_TASK REQUIREMENTS_.
Output each record in full, exactly as it stands.
[RECORDS FOR THIS TASK Boundary: Start]
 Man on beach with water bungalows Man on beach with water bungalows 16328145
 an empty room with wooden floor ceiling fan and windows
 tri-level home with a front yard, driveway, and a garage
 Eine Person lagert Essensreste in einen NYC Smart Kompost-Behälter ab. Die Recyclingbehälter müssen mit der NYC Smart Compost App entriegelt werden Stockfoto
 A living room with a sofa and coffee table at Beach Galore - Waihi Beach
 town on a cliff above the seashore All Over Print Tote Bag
[RECORDS FOR THIS TASK Boundary: End]
_ANSWER TO THIS TASK_.
 Man on beach with water bungalows Man on beach with water bungalows 16328145
 an empty room with wooden floor ceiling fan and windows
 tri-level home with a front yard, driveway, and a garage
 Eine Person lagert Essensreste in einen NYC Smart Kompost-Behälter ab. Die Recyclingbehälter müssen mit der NYC Smart Compost App entriegelt werden Stockfoto
 A living room with a sofa and coffee table at Beach Galore - Waihi Beach
 town on a cliff above the seashore All Over Print Tote Bag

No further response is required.